Pennsylvania Issues First Medical Marijuana Grow License. The state Department of Health has approved Cresco Yeltrah's 40,000-plus-square-foot indoor grow operation, making it the first medical marijuana grow in the state to be approved. The planting of seeds should commence shortly, with the first crop ready in about four months.

Drug Policy

Trump Drug Czar Nominee Withdraws in Wake of Report He Pushed Bill to Hinder DEA Opioid Pill Enforcement Efforts. Pennsylvania US Rep. Tom Marino (R), who President Trump nominated last month to head the Office of National Drug Control Policy (ONDCP -- the drug czar's office), has withdrawn his nomination in the wake of reports that he shepherded through Congress legislation lobbied for by drug companies and pharmaceutical chains that decreased the DEA's ability to stop suspect shipments of prescription opioids. Marino had come under fire from Democratic lawmakers after the report went public Sunday.

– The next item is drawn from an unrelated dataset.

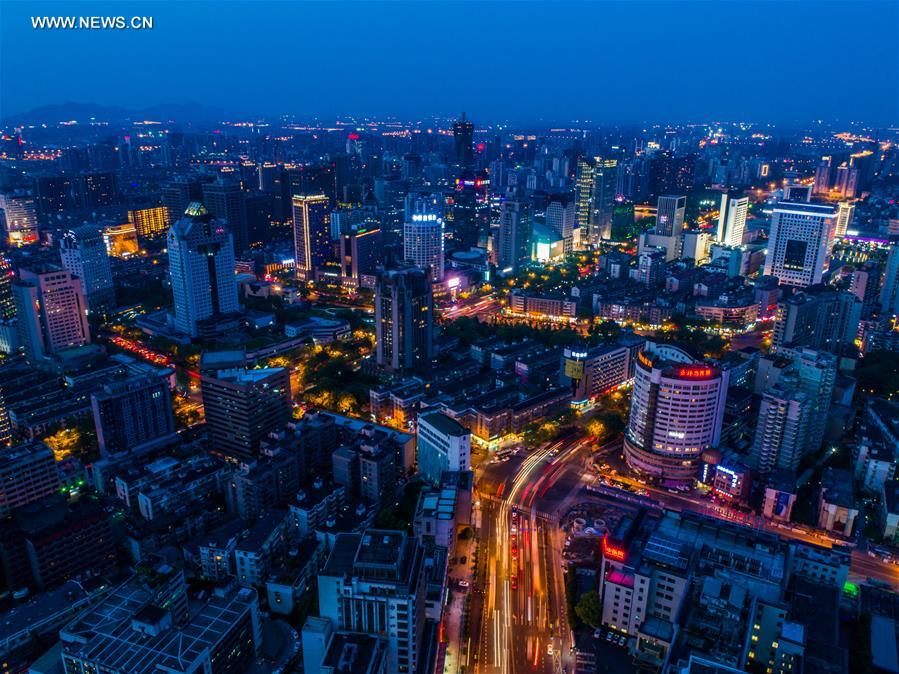 Night view of downtown Hangzhou in E China's Zhejiang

McCaskill Will File Bill to Undo 2016 Law Marino Pushed. Sen. Claire McCaskill said Monday she would fill a bill to repeal the 2016 law Rep. Marino shepherded through Congress at the behest of deep-pocketed drug companies and pharmaceutical chains.

Drug Testing

Wisconsin Moves a Step Closer to Drug Testing Food Stamp Recipients. The state Health Department announced last Friday that it has submitted its plans for the drug testing of food stamp recipients to the office of Gov. Scott Walker (R). Critics of the plan say it requires getting a waiver from the US Department of Agriculture, but the Walker administration disagrees. Look for a court challenge.

Law Enforcement

Justice Department Announces First Ever Indictments Against Chinese Fentanyl Makers. The DOJ announced Tuesday that federal grand juries in Mississippi and North Dakota had returned indictments against two Chinese nationals and their US-based traffickers and distributors for separate conspiracies to peddle large quantities of fentanyl, fentanyl analogues, and other opioids in the United States. These are the first indictments returned against Chinese nationals for manufacturing and distributing fentanyl destined for the US.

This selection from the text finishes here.